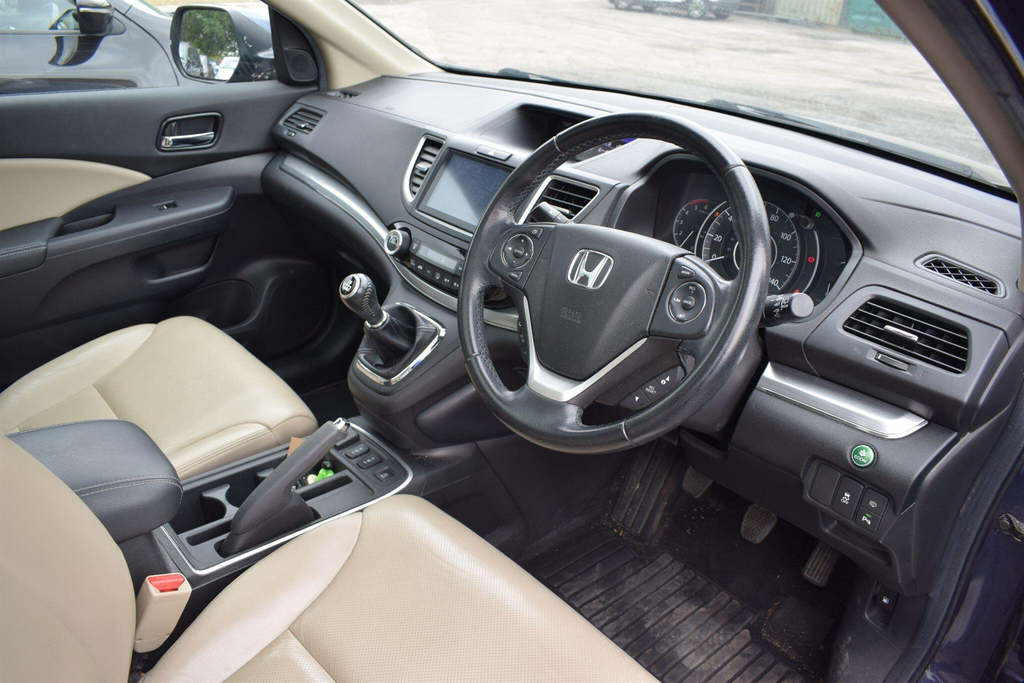 Honda Cr-V 1.6 I-dtec Ex 4Wd Euro 6 Ss Blue #3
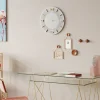Orologio da parete Leonardo bianco/oro - KARE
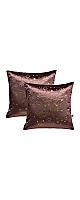Pok mon Winter Wonders Red Throw Pillow Covers (2-Pack) / ԥ奦ȥ֥СԥС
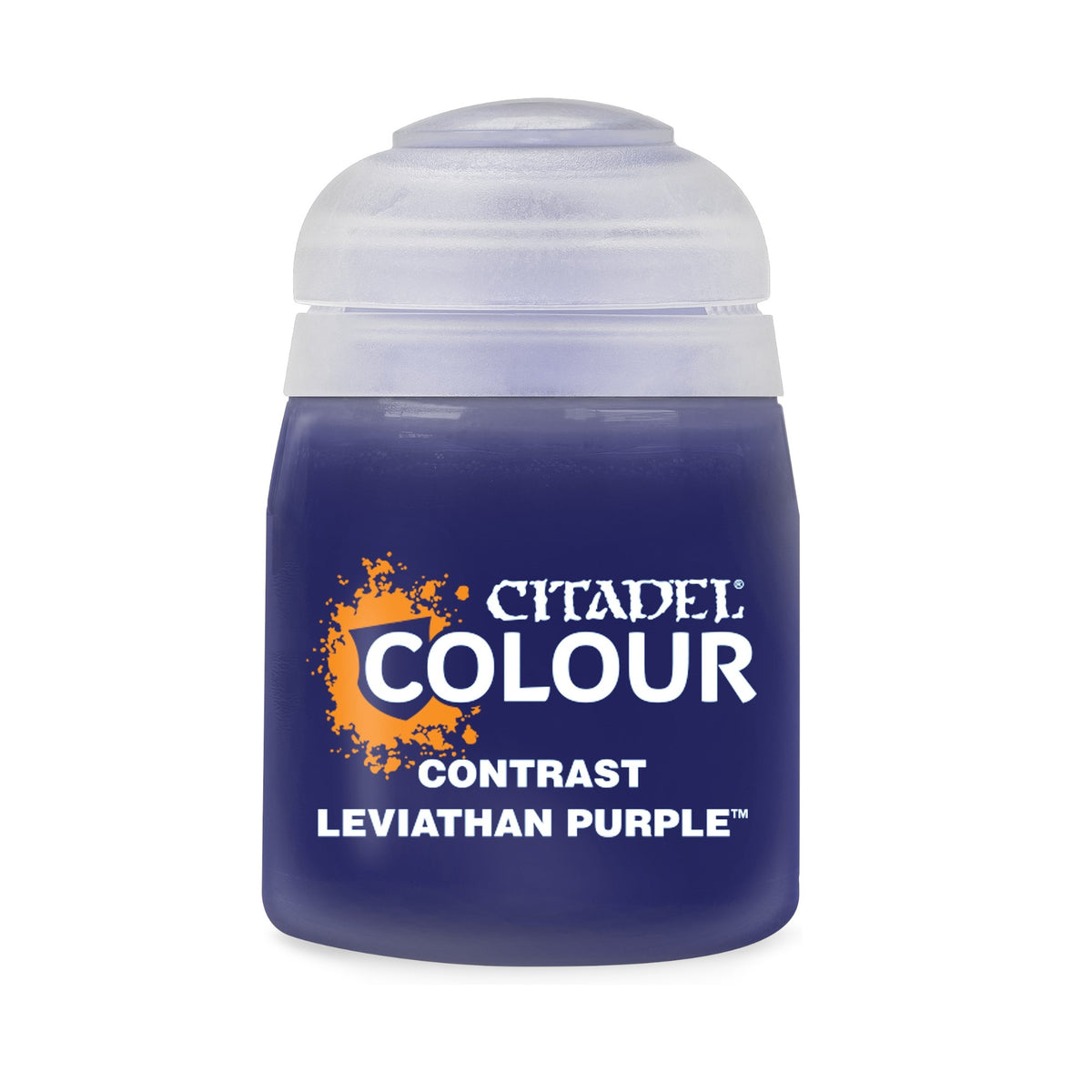 Warhammer Contrast Leviathan Purple 18 ml kräftig violette Contrast Farbe von Games Workshop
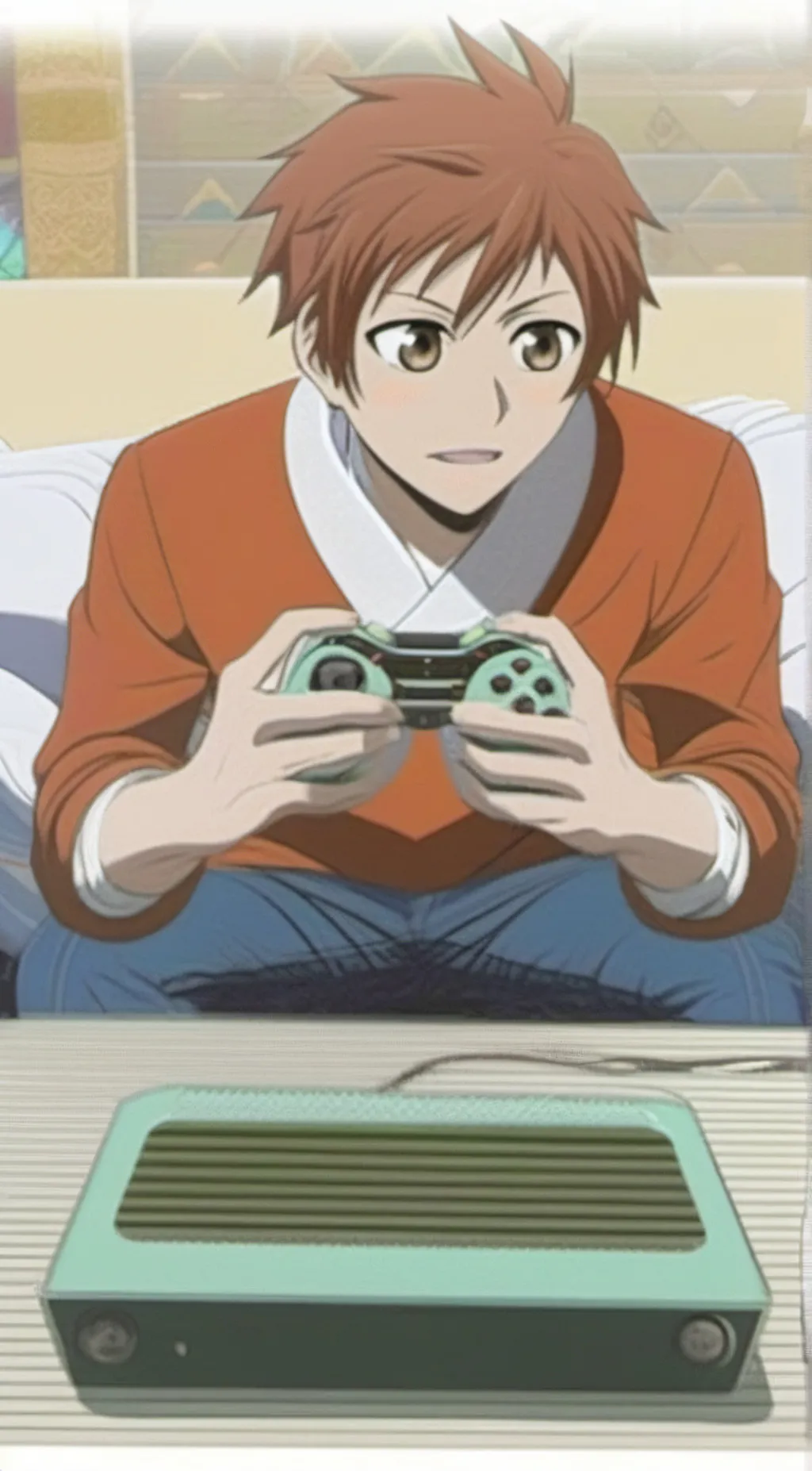 ai character: Alex background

########################################

### Work to complete
Exactly as written, please copy out the whole set of records, skipping images.

### Problem solution
 Honda Cr-V 1.6 I-dtec Ex 4Wd Euro 6 Ss Blue #3
Orologio da parete Leonardo bianco/oro - KARE
Pok mon Winter Wonders Red Throw Pillow Covers (2-Pack) / ԥ奦ȥ֥СԥС
 Warhammer Contrast Leviathan Purple 18 ml kräftig violette Contrast Farbe von Games Workshop
 ai character: Alex background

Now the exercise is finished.